Spring 2016: Dynamics of Biologically Inspired Networks
Networks and deterministic and stochastic dynamical systems on networks are used as models in many areas of biology. This underscores the importance of developing tools to understand the interplay between network structures and dynamical processes, as well as how network dynamics can be controlled. The dynamics associated with such models are often different from what one might traditionally expect from a large system of equations, and these differences present the opportunity to develop exciting new theories and methods that should facilitate the analysis of specific models. Moreover, a nascent area of research is the dynamics of networks in which the networks themselves change in time, which occurs, for example, in plasticity in neuroscience and in up regulation and down regulation of enzymes in biochemical systems.
There are many areas in biology (including neuroscience, gene networks, and epidemiology) in which network analysis is now standard. Techniques from network science have yielded many biological insights in these fields and their study has yielded many theorems. Moreover, these areas continue to be exciting areas that contain both concrete and general mathematical problems. Workshop 1 explores the mathematics behind the applications in which restrictions on general coupled systems are important.

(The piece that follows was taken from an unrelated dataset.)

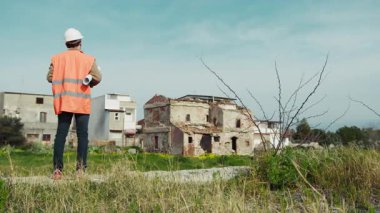 Doğa Mühendisi, yeniden inşa edilecek binayı inceliyor. .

Examples of such restrictions include symmetry, Boolean dynamics, and mass-action kinetics; and each of these special properties permits the proof of theorems about dynamics on these special networks.
Workshop 2 focuses on the interplay between stochastic and deterministic behavior in biological networks. An important related problem is to understand how stochasticity affects parameter estimation. Analyzing the relationship between stochastic changes, network structure, and network dynamics poses mathematical questions that are new, difficult, and fascinating.

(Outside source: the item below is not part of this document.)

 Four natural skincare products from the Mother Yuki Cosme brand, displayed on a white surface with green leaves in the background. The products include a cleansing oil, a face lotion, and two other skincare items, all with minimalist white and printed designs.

In recent years, an increasing number of biological systems have been modeled using networks whose structure changes in time or which use multiple kinds of couplings between the same nodes or couplings that are not just pairwise. General theories such as groupoids and hypergraphs have been developed to handle the structure in some of these more general coupled systems, and specific application models have been studied by simulation. Workshop 3 will bring together theorists, modelers, and experimentalists to address the modeling of biological systems using new network structures and the analysis of such structures.

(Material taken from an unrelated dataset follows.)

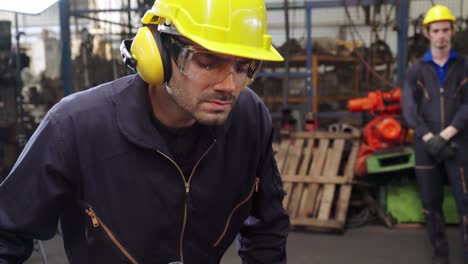 smart factory worker using machine in factory workshop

Biological systems use control to achieve desired dynamics and prevent undesirable behaviors. Consequently, the study of network control is important both to reveal naturally evolved control mechanisms that underlie the functioning of biological systems and to develop human-designed control interventions to recover lost function, mitigate failures, or repurpose biological networks. Workshop 4 will address the challenging subjects of control and observability of network dynamics.